How the citation-report site works

A short wiki-style guide explaining how the site fetches data from OpenAlex, calculates monthly citation counts, and what technologies are used.

Overview

This site fetches data from the OpenAlex API and computes citation summaries for academic authors. It combines data retrieval, in-memory aggregation, and PDF/CSV export features to produce a sharable citation report.

Getting access to OpenAlex

  1. OpenAlex is a public API — you do not need an API key for basic usage. See openalex.org for documentation and rate limit details.
  2. The app queries endpoints like /authors and /works to find authors and fetch their publications and citation details.
  3. Because OpenAlex is a shared public API, the app is conservative about concurrent requests and provides progress feedback while fetching large datasets.

How data is fetched

High-level steps:

  • Resolve an author (by OpenAlex id or by name search).
  • Fetch the author's works in pages (the app uses a per-page size compatible with OpenAlex limits).
  • For monthly citation counts we fetch citing works for each author work and extract their publication dates.

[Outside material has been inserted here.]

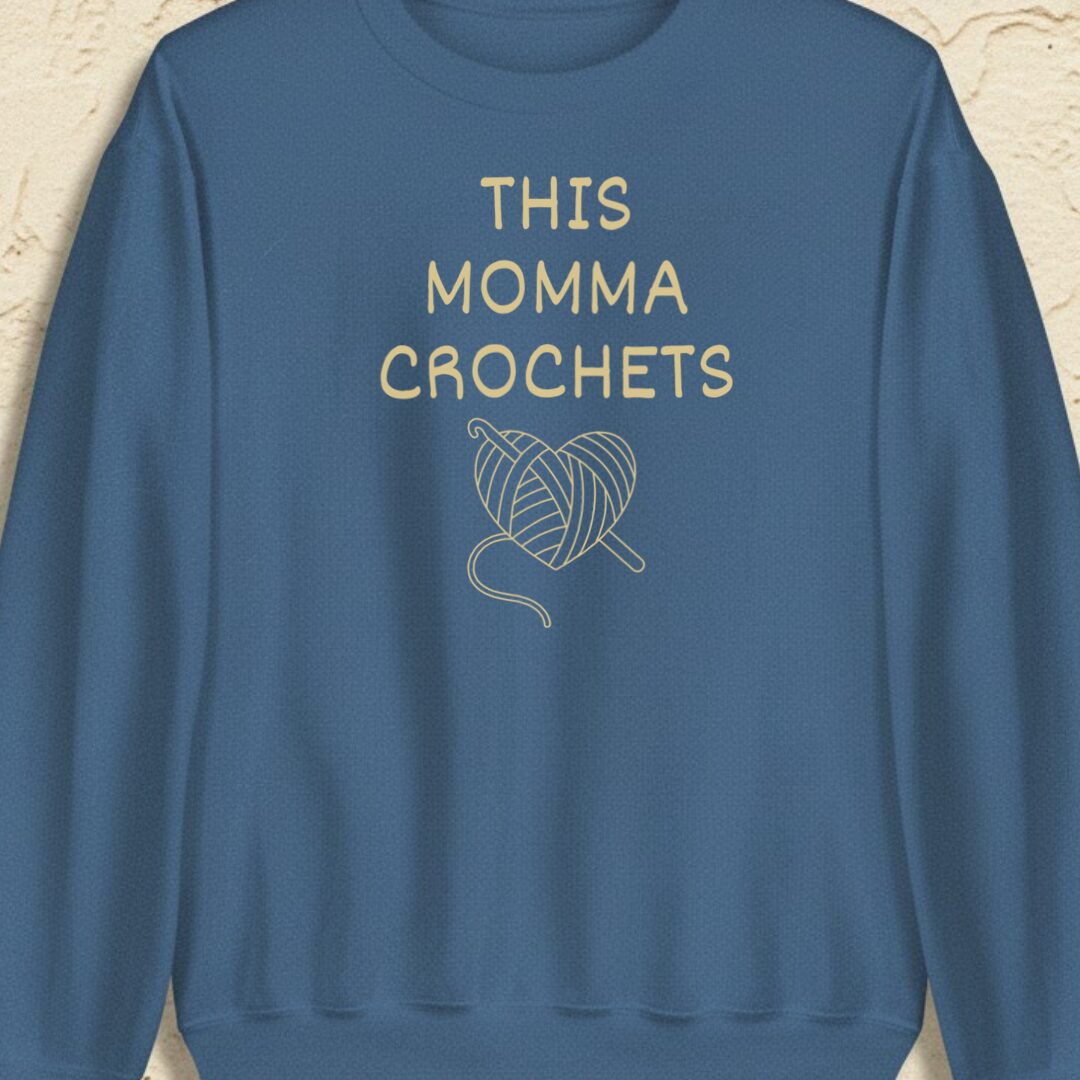 This Mama Crochets Indigo Blue Sweatshirt.jpg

Monthly counts algorithm (summary)

The monthly counts are computed by counting the publication dates (month granularity) of papers that cite the author's works. Key points:

  • We compute two series: all citations and non-self citations (exclude citations where the author appears among citing authors).
  • Each citing paper contributes +1 to the month (YYYY-MM-01) of its publication date. If only a year is available, we count it as January of that year.
  • To speed up calculations the app uses a fast ISO date string parsing path (string slicing) and parallelizes per-work citing-paper fetches using a thread pool. This keeps the algorithm logically identical but much faster in wall-clock time.

Why other sites don't provide this

Services like Google Scholar do not provide programmatic access to citation event timelines at scale and often block scraping. OpenAlex provides an open, research-friendly API that exposes citation links and publication dates that make monthly timelines possible.

Libraries and languages used

  • Python — primary language for backend and data processing.
  • Flask — web framework for routes and templates.
  • Requests — HTTP client for calling OpenAlex.
  • Pandas — data manipulation and CSV/Excel exports (used for generating time series summaries).
  • Matplotlib — plotting monthly/yearly charts used in the PDF/report.
  • ReportLab / PyPDF2 — assembling multi-page PDFs and cover pages.
  • Pillow (PIL) — image handling and downsampling for PDFs.